For the federal government to encourage states to expand coverage significantly without adversely affecting current beneficiaries, the federal government could instead provide states additional federal financial resources and incentives. For example, bipartisan legislation recently introduced in Congress, the FamilyCare Act of 2001, would provide additional federal funds to states, at the enhanced SCHIP matching rate, for extending Medicaid and SCHIP coverage to parents of children enrolled in these programs.(3) Such a proposal would not only substantially reduce the number of uninsured working parents in the United States but also would have the additional beneficial effect of facilitating the enrollment of low-income children who are eligible but not yet participating in Medicaid and SCHIP. Research shows that the participation rates of eligible children increase when a state expands coverage to the parents of these children. Congress has set aside $28 billion in this year's budget resolution to expand health coverage to the uninsured; the FamilyCare Act could serve as the basis of legislation using these new federal resources.

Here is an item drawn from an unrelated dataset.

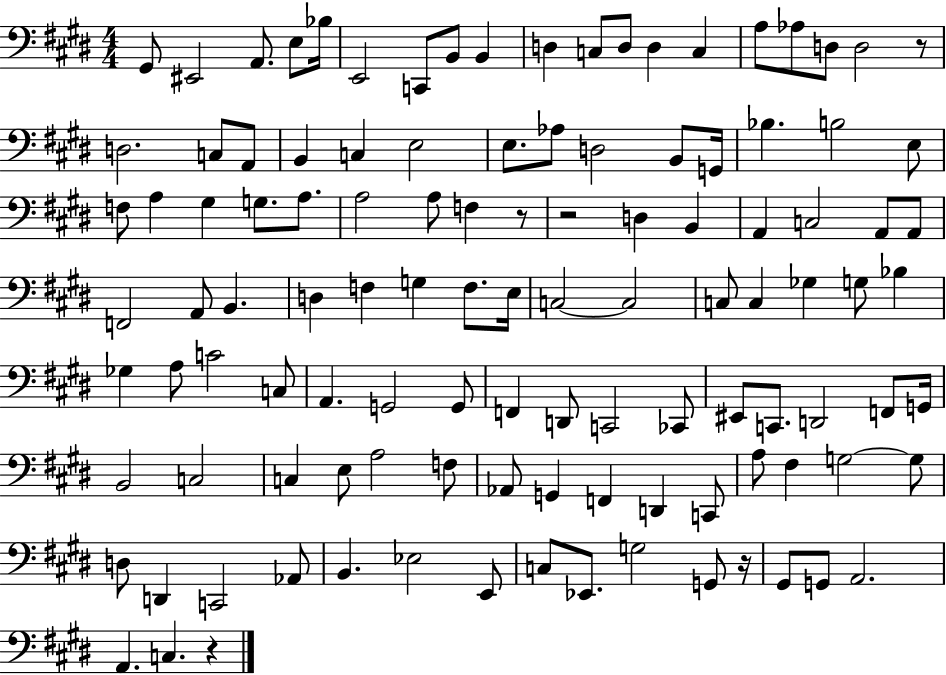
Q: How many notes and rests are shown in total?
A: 113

The Administration's Medicaid and SCHIP Waiver Policy

Under section 1115 of the Social Security Act, the federal government may permit states to establish comprehensive demonstration projects that waive federal Medicaid and SCHIP requirements related to benefit standards, beneficiary cost-sharing, and eligible populations.(4) The primary goal of the Administration's new policy is to use such waivers to increase the number of individuals with health insurance coverage. Specifically, the policy envisions waivers that use savings derived from additional Medicaid flexibility and a state's unspent SCHIP funds to expand coverage.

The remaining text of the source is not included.